The first important piece of physical evidence was the reconstruction of the aircraft itself, which the court found indicated that there had been a bomb detonation in cargo container AVE 4041. The suitcases loaded onto that particular container, the court concluded, came from the Pan Am feeder flight (Pan Am 103A) from Frankfurt. The second was the recovery from the wreckage of charred pieces from a Toshiba RT-SF 16 Bombeat radio cassette player and a brown Samsonite suitcase, which the court found had contained the bomb. The third was the discovery of charred remnants of clothing (two pairs of Yorkie trousers, a blue Babygro jumper, and an umbrella) which had been packed in the bomb suitcase.
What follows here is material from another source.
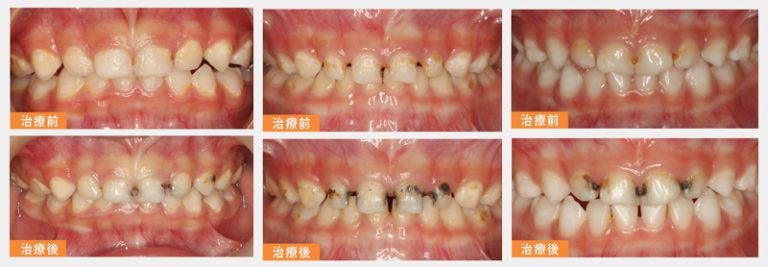 兒童蛀牙治療-氟化氨銀-3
The court found that the clothing originated in Malta and had been sold by a small store called “Mary’s House.” The fourth was a tiny fragment of a circuit board for an MST-13 timer, which the court found had been manufactured by a Swiss electronics firm called MEBO.
The document that played such an important part in the case was a computer printout of baggage tracking information for Frankfurt airport at the time the Pan Am feeder flight was being loaded. The document proved to the court’s satisfaction that an unaccompanied bag had been transferred from Flight KM180 from Malta to Pan Am 103A. But the Court found that the prosecution had not proved how this suspicious suitcase had been placed on board KM180. This, the court pointed out, is “a major difficulty for the Crown case.”
The first key witness was Abdul Majid (aka Giaka), a member of the Libyan External Security Organization (JSO) who worked as a double agent for the CIA and is now in the U.S. witness protection program. In light of inconsistencies in his testimony and CIA documents released late in the trial suggesting he was prone to fabrication, the court found that Abdul Majid could not be accepted as a “credible and reliable witness.” After summarizing Majid’s various lies and exaggerations, the court concluded: “Information provided by a paid informer is always open to the criticism that it may be invented in order to justify payment, and in our view this is a case where such criticism is more than usually justified.” The court therefore rejected Majid’s claims that the defendant Fhima possessed plastic explosives in his office desk at Luqa airport and that he saw the two defendants load a brown Samsonite suitcase into KM180 on the morning of the Lockerbie bombing. The court did, however, accept Majid’s testimony that al-Megrahi was a high-ranking member of the JSO, that al-Megrahi traveled on a fake passport, and that his job was military procurement — findings that were to prove critical to the verdict.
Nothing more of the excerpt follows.